Sunday, January 28, 2018

GALINA SEDOVA. A CHAPTER ON BULGAKOV. DLV



The Bard. Genesis.
M. A. Berlioz.
Posting #38.


…The voice of passion was like the sound of horn…

Alexander Blok. In the Dunes.


Blok’s poem In the Dunes shows us a woman who takes charge.

She crossed her beastly gaze
With my beastly gaze and laughed
With high-pitched laughter, and she threw at me
A tuft of grass and a golden handful of sand.
Then she jumped up and leaping rushed down the slope…
I chased her far…

And also in Bulgakov it is Margarita who takes charge. The first time –

She turned from Tverskaya into a side street, and here she looked back… I can assure you that she saw me alone, and she looked not so much troubled as even sort of pained.

Bulgakov is an even better sketch artist than Blok is. We find nothing about the appearance of this woman other than her wearing a black coat, carrying yellow spring flowers and having a pained expression in her eyes.
Just like in Blok’s Dunes a woman appears out of nowhere, Bulgakov’s Margarita also appears unexpectedly for master. If Blok’s woman runs over the sand into a pine grove, Bulgakov’s Margarita turns into a side street, expecting master to follow. If Blok starts chasing the woman with “resinous hair,” Bulgakov’s master follows Margarita into a side street.
Blok writes about the chase –                               

I shouted and hunted her like she were an animal…
Having left her light footprints in the rolling dunes,
She vanished among the pines…

Only after reading Blok did I understand why Bulgakov writes in the last 32nd chapter Farewell and Eternal Refuge, as the reader says farewell to master and Margarita. –

Listen to the soundlessness, Margarita was saying to master, and the sand rustled under her bare feet…”

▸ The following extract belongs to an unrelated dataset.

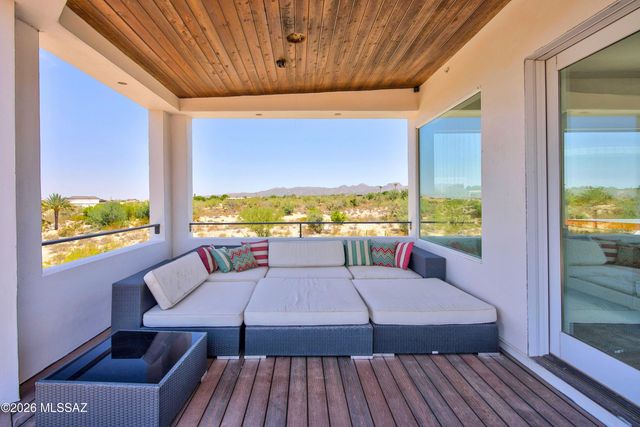 9725 N Linda Vista Place, Tucson, AZ 85742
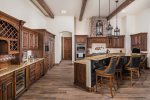 Full chefs kitchen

Bulgakov does not say whether she was leaving light footprints in the sand. But in their first meeting –

“Obeying this yellow sign, [master] also turned into the side street, and followed in her tracks.

What kind of tracks were those? Blok’s woman was leaving tracks in the sand, whereas master and Margarita were walking over asphalt. Moreover, Bulgakov writes:

“We were walking up a twisting dull side street in silence. I was on one side and she was on the other.”

In other words, Bulgakov takes the word “tracks” (“footprints”) from Blok’s poem In the Dunes, and that is how far it goes.
Master and Margarita are walking in silence. –

“...I also turned into the side street... We walked silently, I on one side and she on the other. I was tormented because it seemed to me that it was necessary to talk to her, and I was alarmed that I would not be able to utter a single word and then she would be gone and I would never see her again... She was the first to speak…”

In his poem In the Dunes Blok writes that he was –

…Yelling and chasing her away…
Next, yelling and calling her to me,
The voice of passion was like the sound of horn…

Here yet again Bulgakov to the rescue as he is using a certain word from Blok’s lexicon. In order to figure this out, I invite the reader to leap from the poem In the Dunes into another poem, untitled, from the poetic cycle Crossroads, which Blok wrote in 1903.
I confess that it is one of my favorite Blokian poems. In it, Blok describes how he comes to a party, just in order to see a woman who interests him.

I walked among the guests in a black tuxedo,
I shook hands, and while smiling, I knew
That the clock will strike, someone will make me signs,
Someone will understand that I’ve seen someone…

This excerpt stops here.